Les députés ont également adopté une augmentation de la CSG sur le patrimoine, bien que celle-ci soit moins étendue que ce que le Parti socialiste avait proposé. Les revenus d’épargne et d’investissement locatif seront exclus de cette hausse.

Les pensions de retraite et les minima sociaux devraient être revalorisés sur la base de l’inflation si le projet est définitivement adopté, car la mesure de gel de ces pensions a été rejetée par les députés. De plus, le gouvernement a renoncé à doubler les franchises médicales, bien que cette mesure n’était pas incluse dans le texte soumis au vote.

Le déficit de la Sécu projeté et les débats au Parlement

Le débat sur le déficit de la Sécurité sociale dans le cadre du PLFSS a suscité de vives discussions. La ministre de la Santé, Stéphanie Rist, a défendu que le texte réduisait le déficit: « Avec ce texte, le déficit diminue », a-t-elle affirmé. Cependant, certains députés critiquent cette analyse, arguant que les transferts de fonds du budget de l’État vers le budget de la Sécurité sociale créent une illusion de redressement.

Un vote crucial et des abstentions significatives

Le vote s’est joué à 13 voix près, grâce à l’appui décisif de la majorité des députés socialistes. En revanche, plusieurs députés de l’opposition, y compris La France insoumise et le Rassemblement national, ont voté contre. L’abstention de nombreux députés des Républicains et d’autres partis a également contribué à l’adoption du budget.
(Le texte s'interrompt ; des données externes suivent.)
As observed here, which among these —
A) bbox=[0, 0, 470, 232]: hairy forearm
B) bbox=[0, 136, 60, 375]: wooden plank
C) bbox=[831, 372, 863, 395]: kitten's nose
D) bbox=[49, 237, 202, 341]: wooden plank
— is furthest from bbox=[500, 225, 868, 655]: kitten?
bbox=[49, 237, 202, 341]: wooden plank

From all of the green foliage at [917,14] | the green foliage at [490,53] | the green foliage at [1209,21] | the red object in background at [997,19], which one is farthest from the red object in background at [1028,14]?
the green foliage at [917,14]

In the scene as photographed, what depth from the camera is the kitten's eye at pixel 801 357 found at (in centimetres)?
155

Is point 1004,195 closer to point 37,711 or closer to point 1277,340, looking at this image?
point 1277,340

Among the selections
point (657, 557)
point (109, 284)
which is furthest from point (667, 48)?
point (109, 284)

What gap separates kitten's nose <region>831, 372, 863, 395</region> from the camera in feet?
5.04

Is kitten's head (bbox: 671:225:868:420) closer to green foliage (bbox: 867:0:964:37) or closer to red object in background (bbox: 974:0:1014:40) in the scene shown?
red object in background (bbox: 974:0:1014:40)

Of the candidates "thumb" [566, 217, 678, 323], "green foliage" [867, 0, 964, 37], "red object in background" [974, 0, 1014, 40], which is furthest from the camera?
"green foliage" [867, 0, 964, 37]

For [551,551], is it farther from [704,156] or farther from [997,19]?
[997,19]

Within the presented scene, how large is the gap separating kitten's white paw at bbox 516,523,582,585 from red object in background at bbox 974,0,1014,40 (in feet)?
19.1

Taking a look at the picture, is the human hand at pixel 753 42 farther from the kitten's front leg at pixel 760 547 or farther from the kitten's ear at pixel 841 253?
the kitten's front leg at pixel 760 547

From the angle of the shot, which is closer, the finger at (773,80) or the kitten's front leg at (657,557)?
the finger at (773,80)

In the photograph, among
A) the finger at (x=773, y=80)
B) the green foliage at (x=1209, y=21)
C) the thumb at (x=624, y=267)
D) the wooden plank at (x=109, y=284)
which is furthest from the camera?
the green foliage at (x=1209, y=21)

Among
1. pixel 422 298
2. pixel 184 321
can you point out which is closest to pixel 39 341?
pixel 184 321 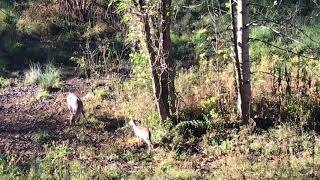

Accusations de chantage au vote et réponse du gouvernement

Les accusations de chantage au vote ont émaillé les dernières heures avant le scrutin, après que la présidente du groupe écologiste à l’Assemblée a révélé des contacts entre des conseillers du Premier ministre et des entreprises du secteur des énergies renouvelables. Sébastien Lecornu a fermement démenti ces accusations et promis d’engager des poursuites judiciaires contre ceux qu’il considère comme des groupes d’intérêts cherchant à influencer le processus législatif.